* What you should do *
Set down the data below without change, skipping the pictures it holds.

* Available data *
Segment Open

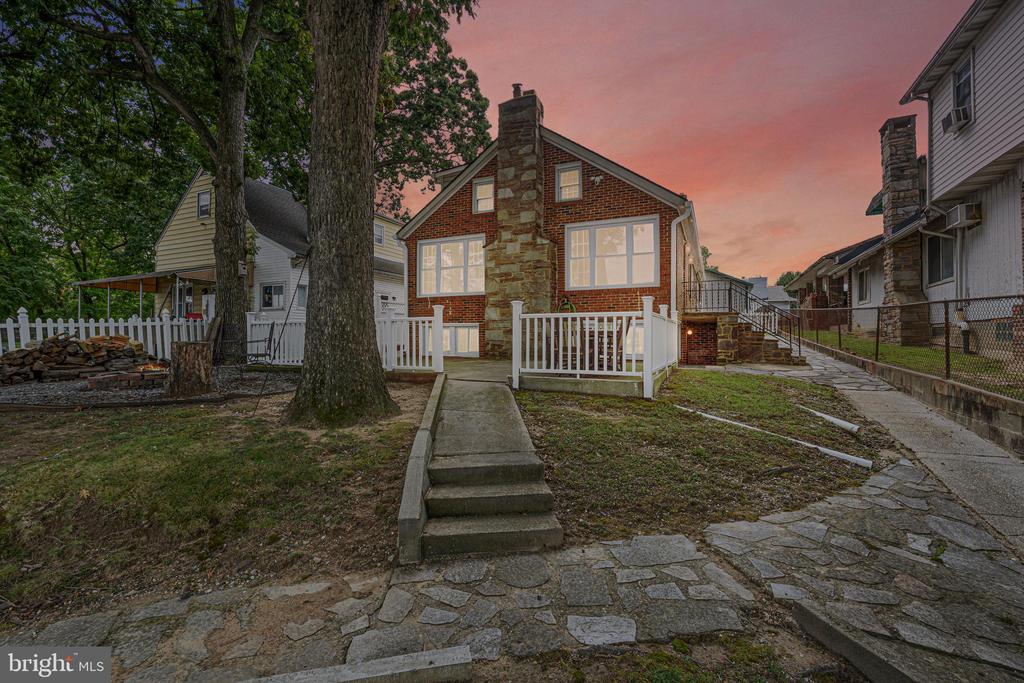 8216 BEACH DRIVE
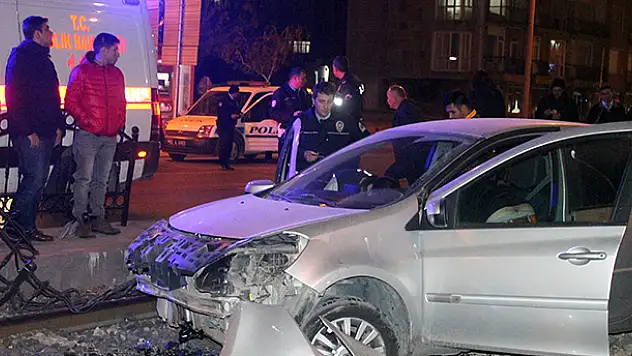 Konya'da Otomobil tramvay hattına düştü: 1 yaralı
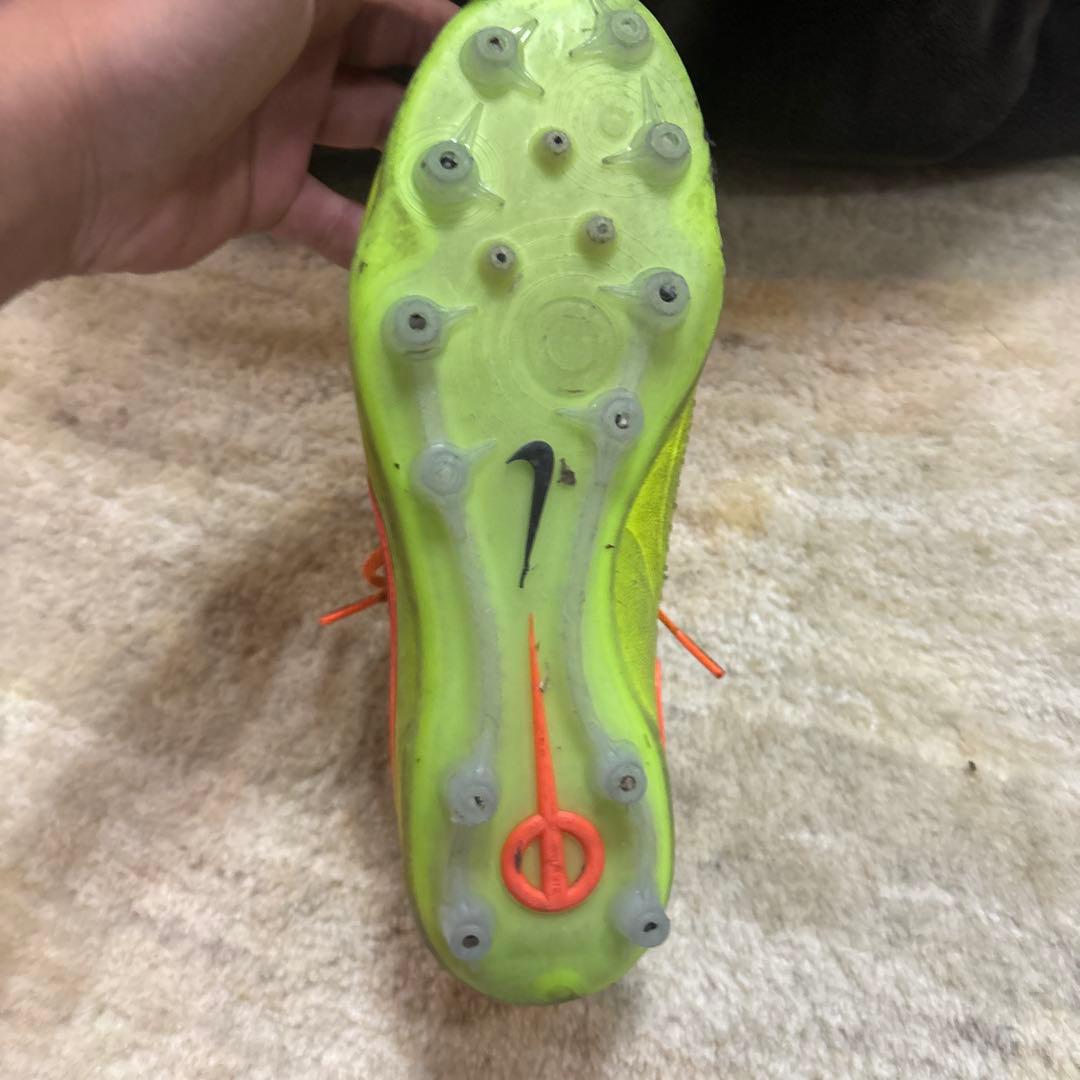 Nike サッカーシューズ 蛍光イエロー/オレンジ
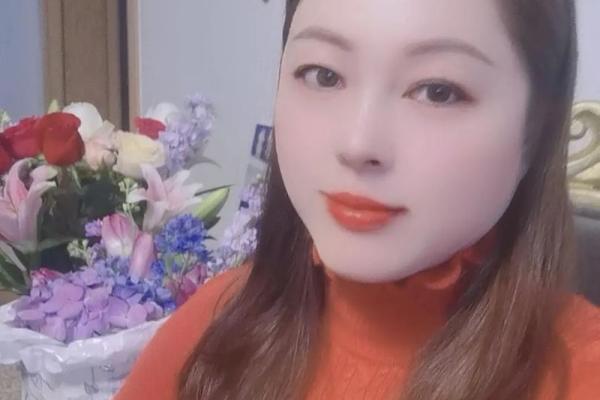 六月初五出生女孩命运解析，解锁人生精彩篇章！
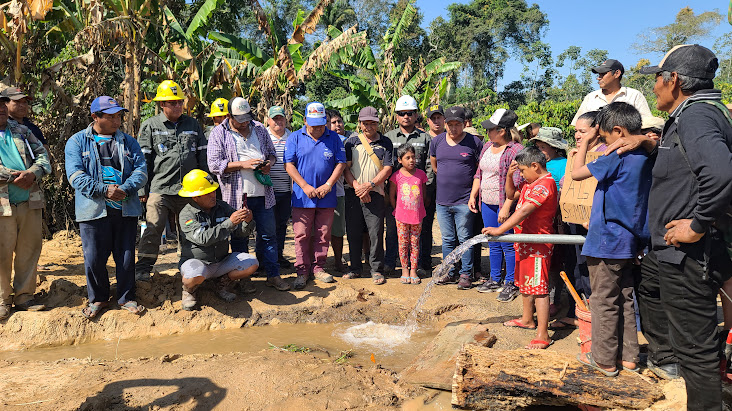 Entregan pozo de agua para ampliar siembra de granos y frutas en Yapacaní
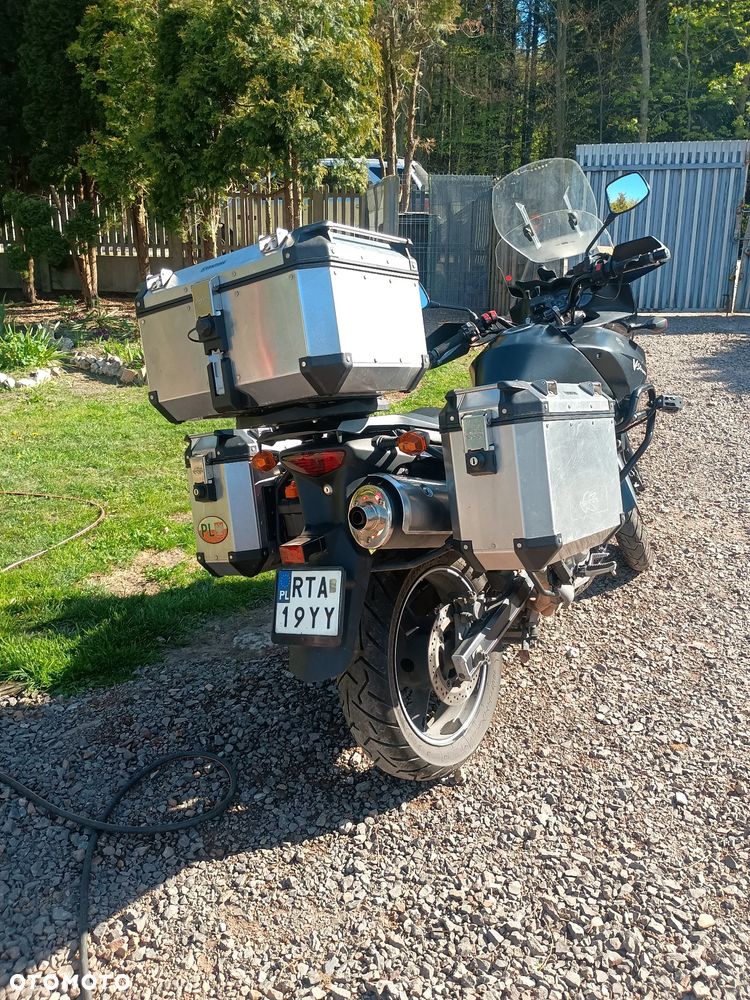Suzuki V-STROM - 2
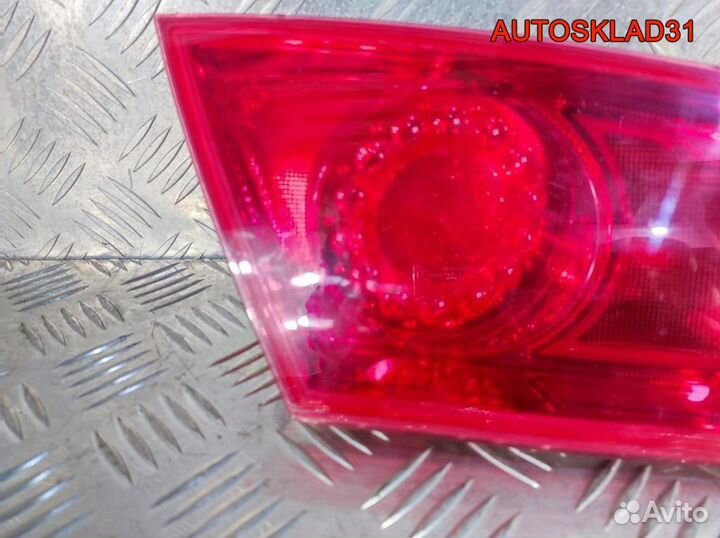 Фонарь задний внутренний левый Seat Leon 1P1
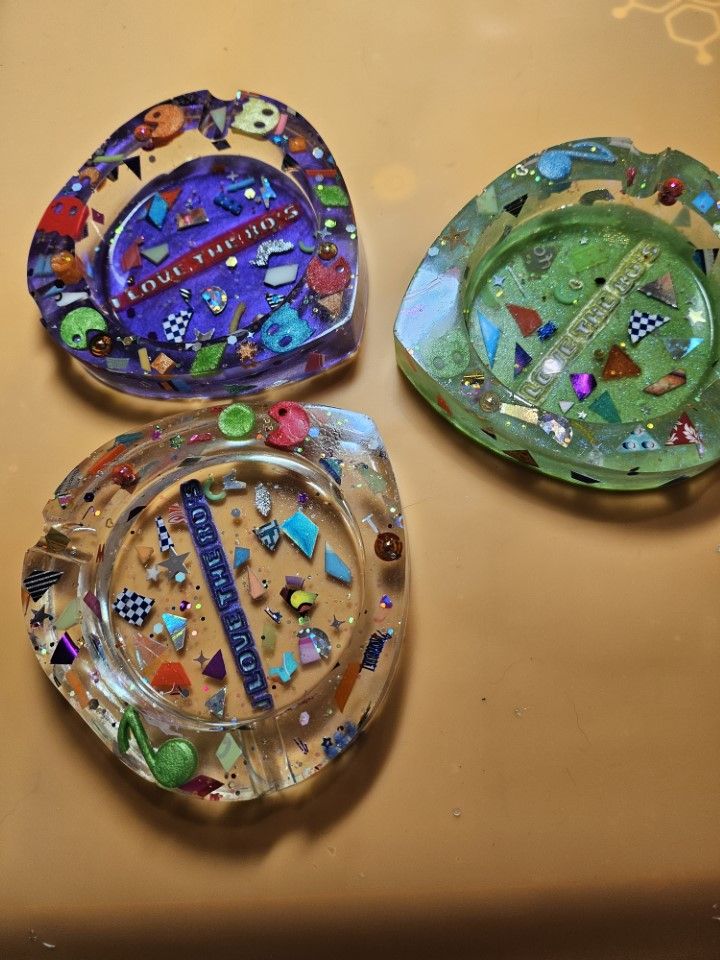 80&#39;s Ashtray 3 Sided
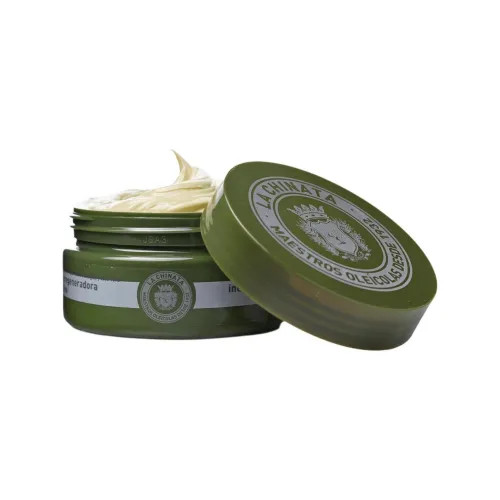 La Chinata Уход за лицом: Увлажняющие средства и кремы Женские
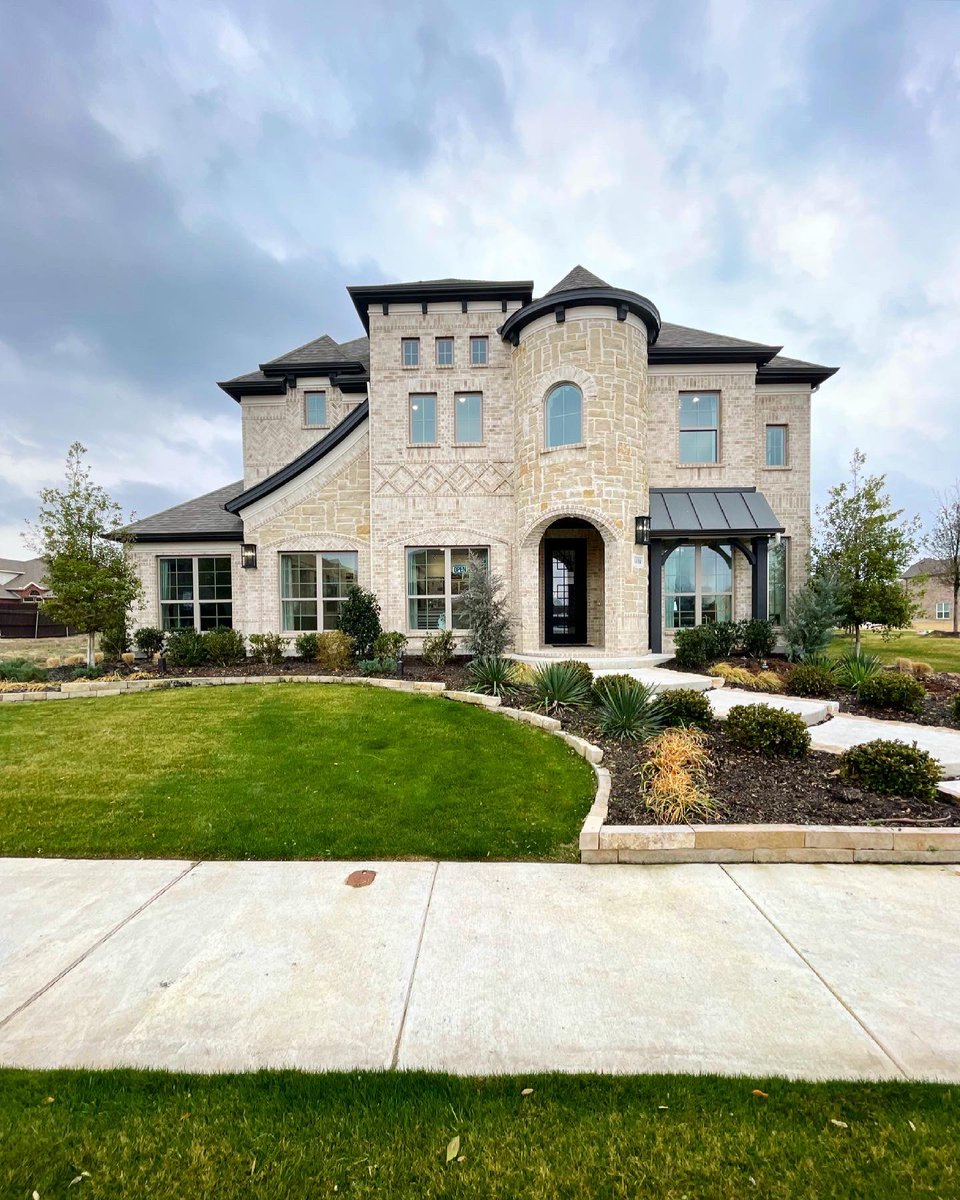 benwegmann's tweet photo. Your very own Texas castle! 🏰 https://t.co/9NrKkdNSjh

Segment Closed

* Reply *
 8216 BEACH DRIVE
 Konya'da Otomobil tramvay hattına düştü: 1 yaralı
 Nike サッカーシューズ 蛍光イエロー/オレンジ
 六月初五出生女孩命运解析，解锁人生精彩篇章！
 Entregan pozo de agua para ampliar siembra de granos y frutas en Yapacaní
Suzuki V-STROM - 2
 Фонарь задний внутренний левый Seat Leon 1P1
 80&#39;s Ashtray 3 Sided
 La Chinata Уход за лицом: Увлажняющие средства и кремы Женские
 benwegmann's tweet photo. Your very own Texas castle! 🏰 https://t.co/9NrKkdNSjh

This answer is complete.